Search Engine - First Steps
With the web developer community already looking into next generation online solutions, it becomes imperative that user experience is seemless and tools are provided for the user which ensures optimum value with respect to time spent online. Search engines within applications have thus become integral part of every system. Today, i'll be discussing about the important factors to be kept in mind while developing a search engine for your database. Most of this i have learnt while working with my current organization. There are also stuff which i do not agree with, which i think will only result in loss of user base in the long run.
Here are some points which i think (and ofcourse experienced) will help you start.
Identify the user base - This is important so that you can provide further guidance to the user from the search results page, basis the search conducted. The search engine should be like a restaurant waiter :-) It should ask you everything about your taste (read requirements) and then offer you exactly what you had asked for. If the food (read results) does not taste good, you are unlikely to come back.
You should also provide guidance and suggestions so that the user gets to see the best result within no time. This set of facility can be divided into two.
A. When no or less number of results are returned -
  1. Users should be guided to broaden the search if their search criteria is too specific by using clouds.
  2. You can also show related results by doing "content mapping" in the background.
  3. Check for spellings and suggest correct words.
  4. Other concepts like "stemming" can be incorporated in the algo to show more results as per the requirement.
  5. Suggestions - Show suggestions basis your domain intelligence. This should be purely basis the historical data/logs of search you have.
B. When too many results are returned -
  1. Clustering - Categorize or classify the result set. This will help users to dig into more relevant results as per their requirement.
  2. Predefined Categories - Show a list of predefined categories.
  3. Search within search - Allow users to conduct search within search, so that they can drill into more relevant and specific results.
  4. Response time - Fast response to a search is more of a necessity these days. User should not be left waiting for the results. Important sections of the search results should load within 1-2 seconds is my recommendation. Care should be taken that by providing the above listed facilities, the response time is not affected. Search engine should be divided into various segments, and the best technology should be used for each one of these. A s/w developer may want to use different languages for different segments of the engine considering the processing time, easy of change etc.
Other factors important for a search engine are,
Page layout - The UI team should ensure that the page layout is such that the organic results should not be contaminated with advts and other paid results. Premium listings, advertisements etc should be separately shown. Also the construction should be such that the download of page is controlled basis importance of each section on the page.

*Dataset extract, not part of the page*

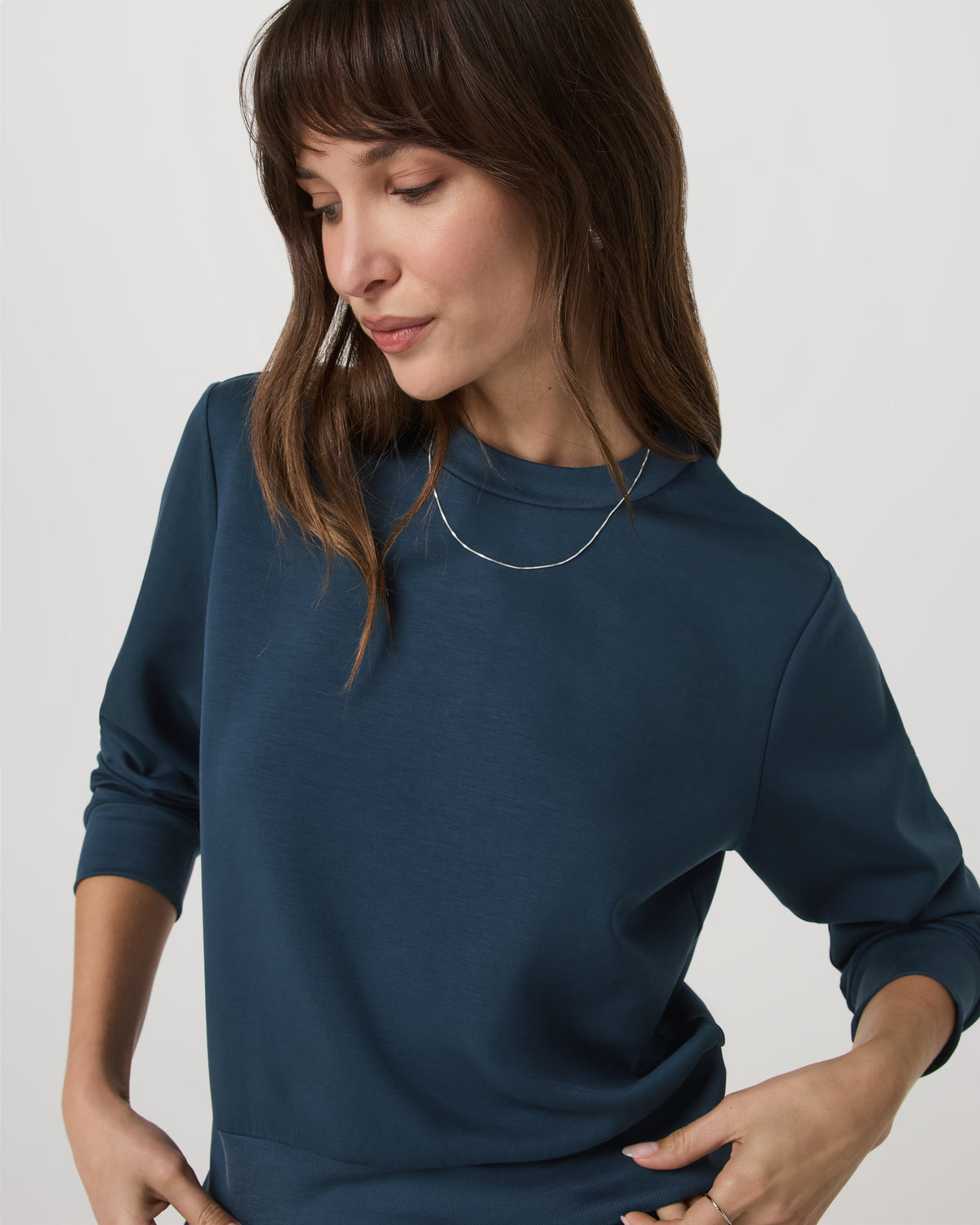 Compose Crew Ocean Blue Pullover Fleece Sweatshirt - Vuori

All actionables on the page should be prominent. It should be analysed if these actions can be allowed on the same result page through DHTML, CSS etc. AJAX can be of great help here.

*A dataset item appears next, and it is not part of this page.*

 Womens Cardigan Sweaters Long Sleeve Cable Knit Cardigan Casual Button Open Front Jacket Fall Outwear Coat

Navigation - Research has found that most of the users do not go beyond page 1-2. Therefore it is imperative that these pages should show the most relevant/fresh results as per the requirement. Also, prefetching of pages will result faster navigation across pages.

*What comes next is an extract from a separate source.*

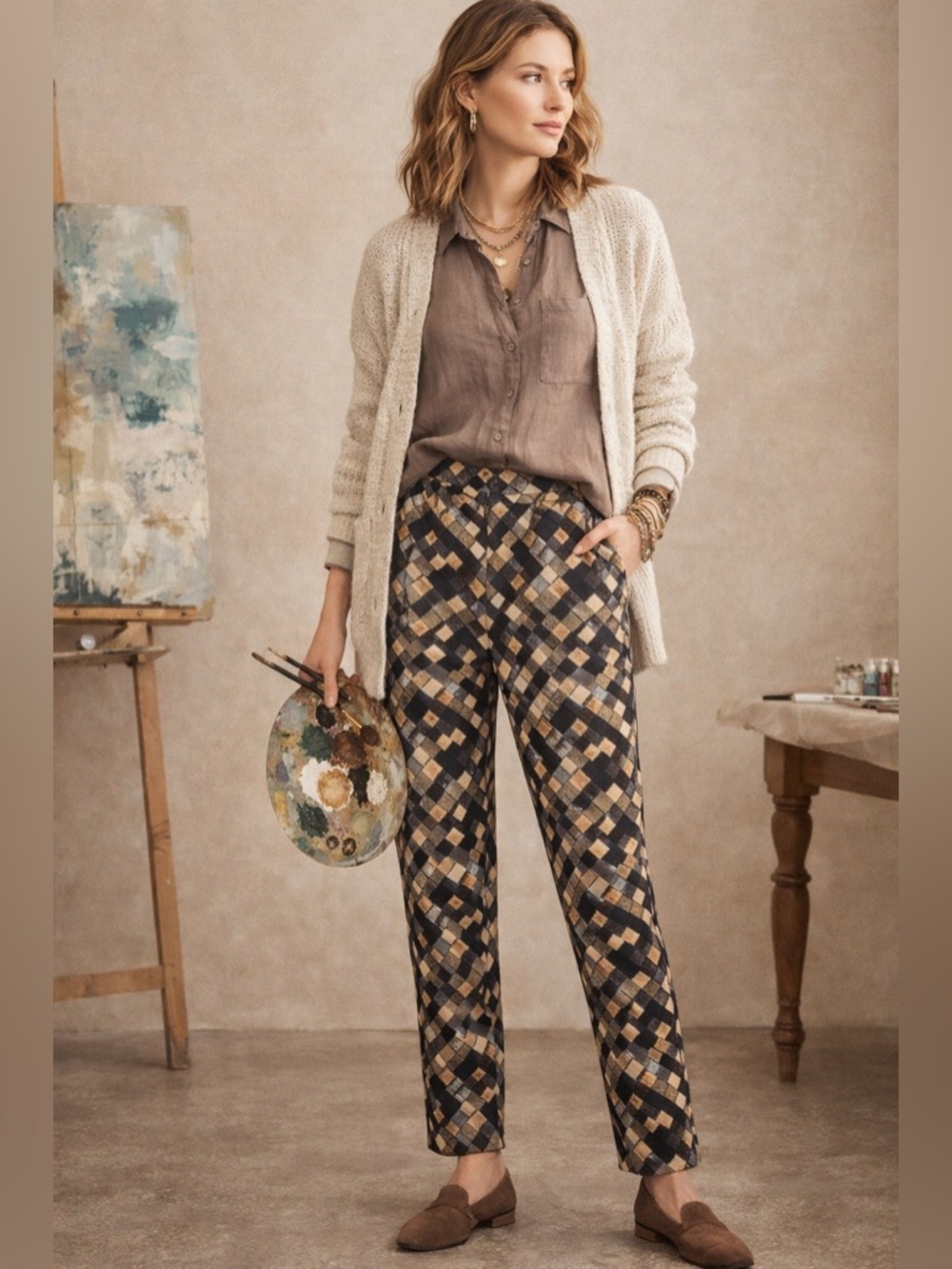 Soft Surroundings Women’s Pull-On Pant Sz S Geometric Print Stretch Boho Chic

Domain Intelligence - Search engine developers and product managers should continuously monitor search logs and derive important information on user behaviour out of them. Most of the features related to search can be developed by studying the search dump. I would recommend that product managers should not get influenced by popular features on other search applications. They should rather study their own users' behaviour through search dumps and then conceptualize new features, sections etc.
S/w developers should be able to fine tune their algo by looking at search dumps and search performance logs.
Logging - Enhancements/ tuning of search engines is continuous. Therefore it becomes all the more important that all aspects of the search should be logged so that post enhancement analysis can be conducted and corresponding actions can be taken.
Research - Its an important part of any search engine development. Developers should be aware of latest technologies and findings. Right now web 2.0 is hot. It should be analysed with respect to your user base and the best suited technology/concept should be adopted. Choice of database and language should be carefully done.
Besides the above listed points there are other concepts like tagging, mashups etc which may contribute to your search peripherals. Now mark my words here when i say "peripherals". A search results page should not get contaminated with overwhelming hi-tech concepts. It should be simple and seemless.
I keep surfing net for niche search related technologies/concepts. Couple of websites which i frequently visit for search related news are searchenginewatch.com and battellemedia.com. The later one is John Battle's blog. His book "The Search" is worth a read. He keeps a close watch on developments in search engines, especially google. I also keep visiting jeremy's blog as it has some interesting stuff on MySQL.

Sunday, July 02, 2006

Search Engine - Supervised Rankings

Was going through various online journals on search engines when i stumbled upon this document published by mondosoft. Its interesting as they have argued the importance of human intervention in search engines. I wish i could attach the entire pdf here, but you may be able to download it from here
This document mainly covers points about gathering user behaviour data, interpreting and analyzing log data, providing informative results etc. Its worth a read. I am trying to get more whitepapers from them.
We have also concluded on similar findings. Our bottleneck lies in implementation. Don't even think that we are technically incapable. Its just that sometimes too much discussions amongst bright people results in a very stringent priority list. The best approach could be to have a clear plan for 6 months and work towards it. Its however easily said than done. For us, market feedback and faster turnaround time in crucial. We are always on our toes.
I am planning to write a small journal on search engine implementation soon....